### HOW TO COMPLETE THIS TASK
The lines to copy run from the one containing "تاسیس دفاتر پیشخوان دولت" to the end of the listing. Please write them out exactly, minus the pictures.

### DATA FOR THIS EXERCISE
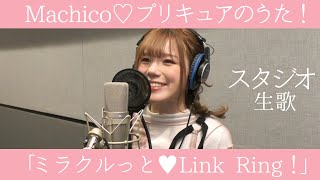 Machico「ミラクルっと♥Link Ring！」Full ver スタジオ生歌／『Machico♡プリキュアのうた！』12月21日発売♡ [upl. by Canning]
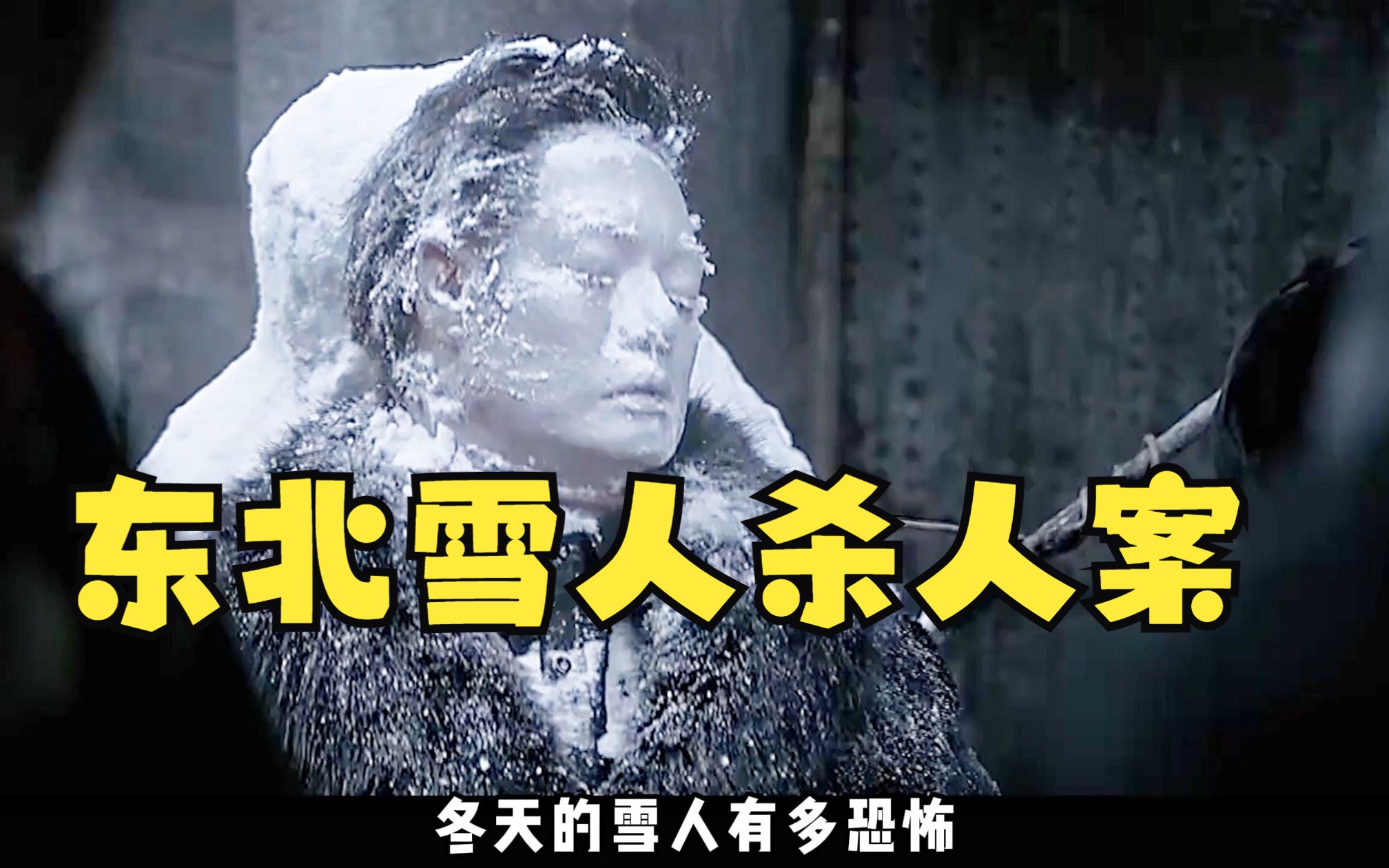 东北肢体雪人案件图片图片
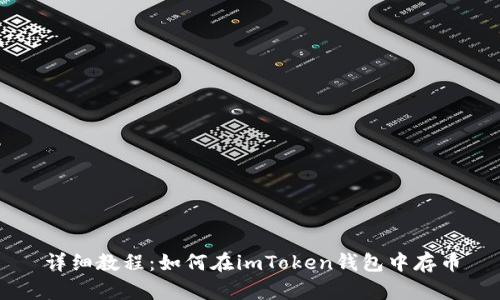 详细教程：如何在imToken钱包中存币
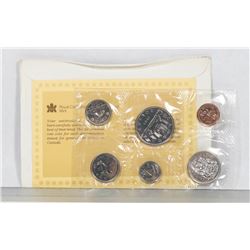 RCM 1985 PROOFLIKE COIN SET.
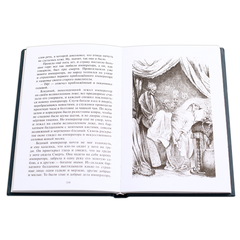 Детская книга "БИ Андерсен. Сказки (рус и дат яз)" - 330 руб. Серия: Билингва , Артикул: 5400307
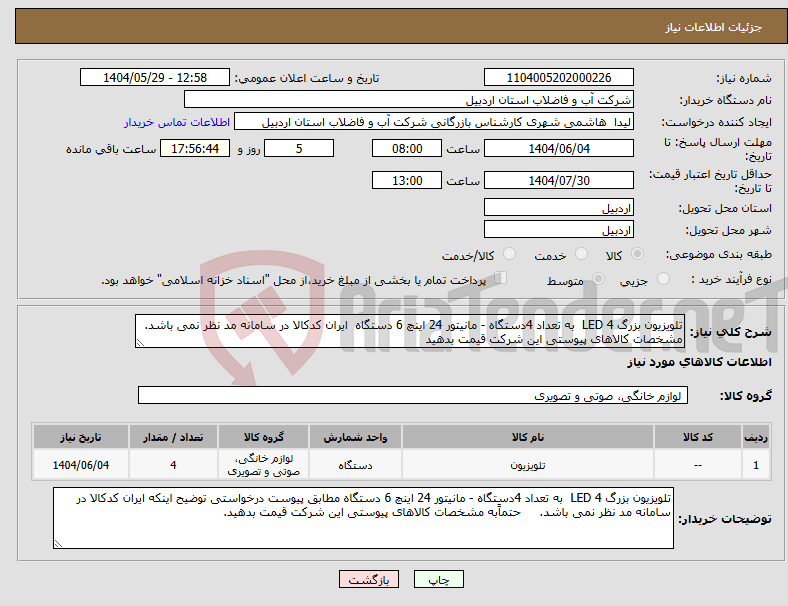 تصویر کوچک آگهی نیاز انتخاب تامین کننده-تلویزیون بزرگ LED 4 به تعداد 4دستگاه - مانیتور 24 اینچ 6 دستگاه ایران کدکالا در سامانه مد نظر نمی باشد. مشخصات کالاهای پیوستی این شرکت قیمت بدهید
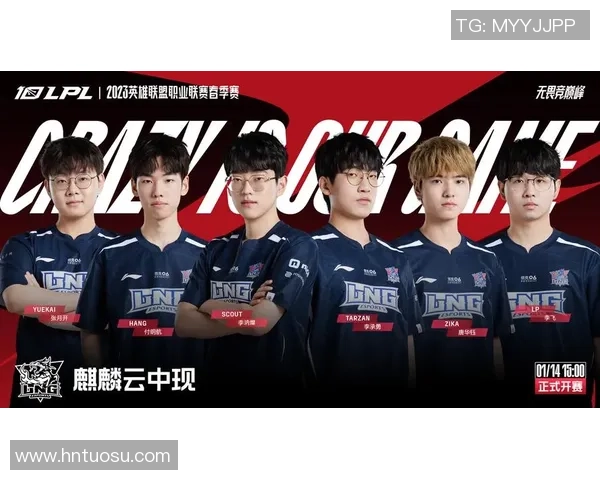 LNG战队边路渗透策略分析及其对比赛结果的影响探讨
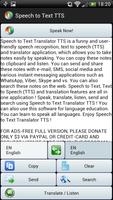 برنامه‌نما Speech to Text Translator TTS عکس از صفحه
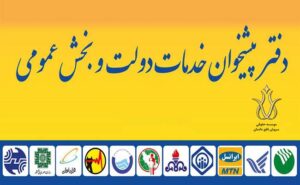 تاسیس دفاتر پیشخوان دولت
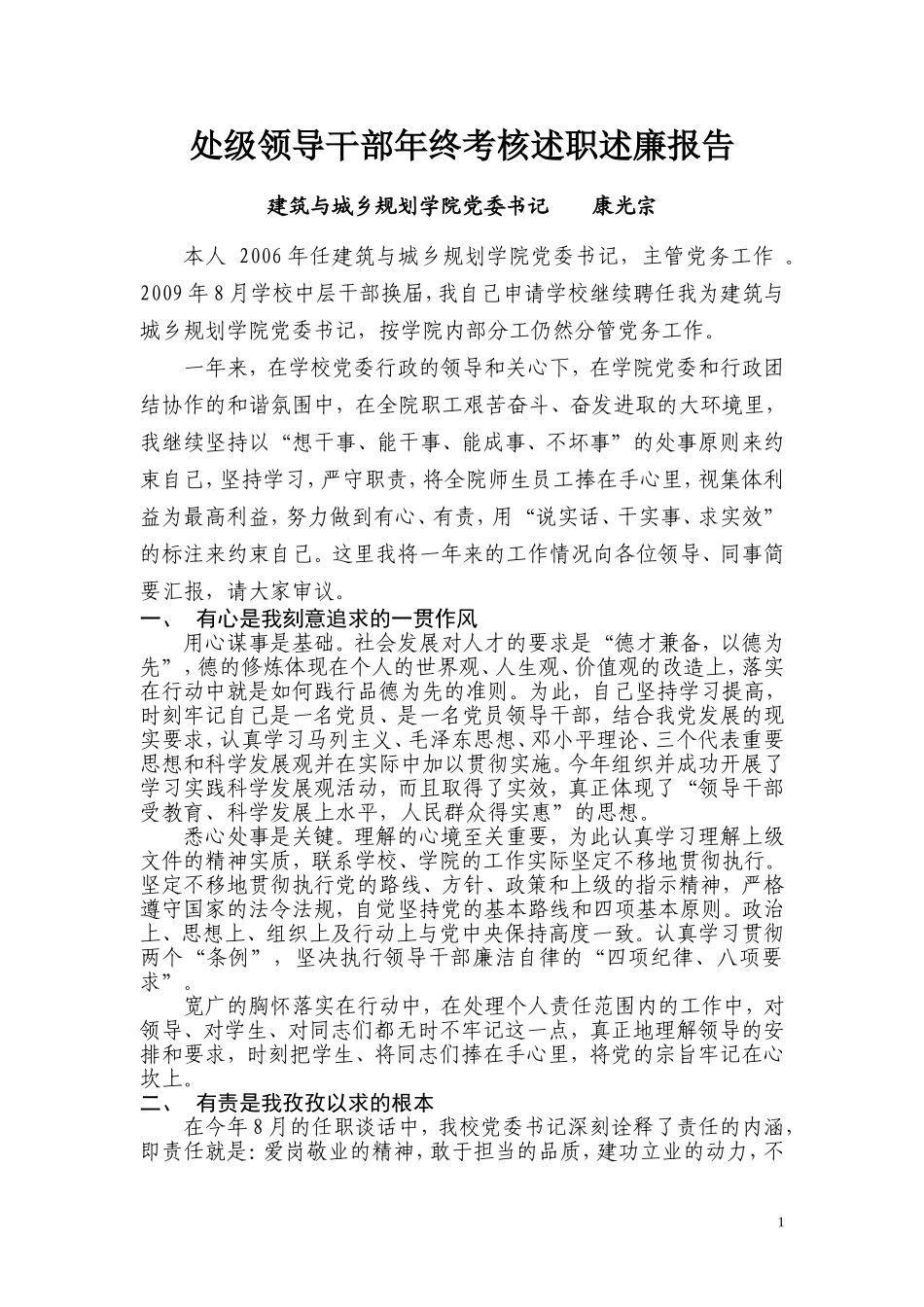 处级领导干部年终考核述职述廉报告_第1页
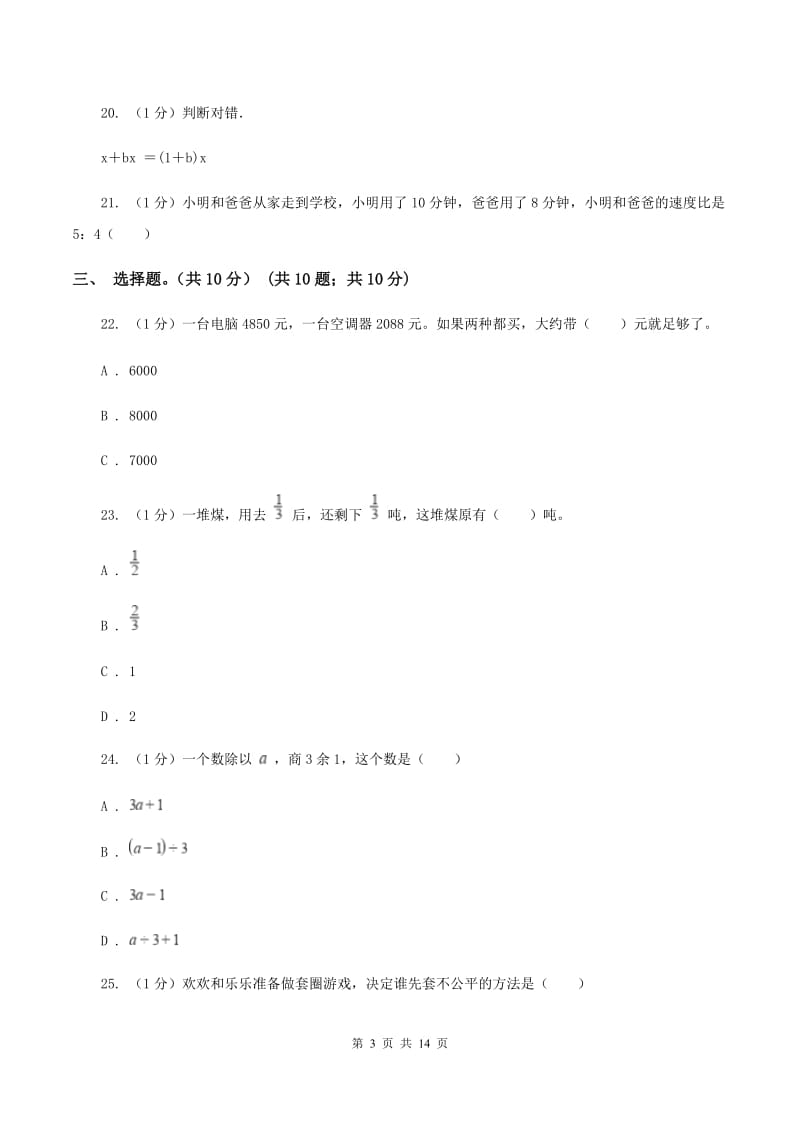 青岛版2020年数学小升初试卷（II ）卷.doc_第3页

### RESULT BELOW
 تاسیس دفاتر پیشخوان دولت
 处级领导干部年终考核述职述廉报告_第1页
 青岛版2020年数学小升初试卷（II ）卷.doc_第3页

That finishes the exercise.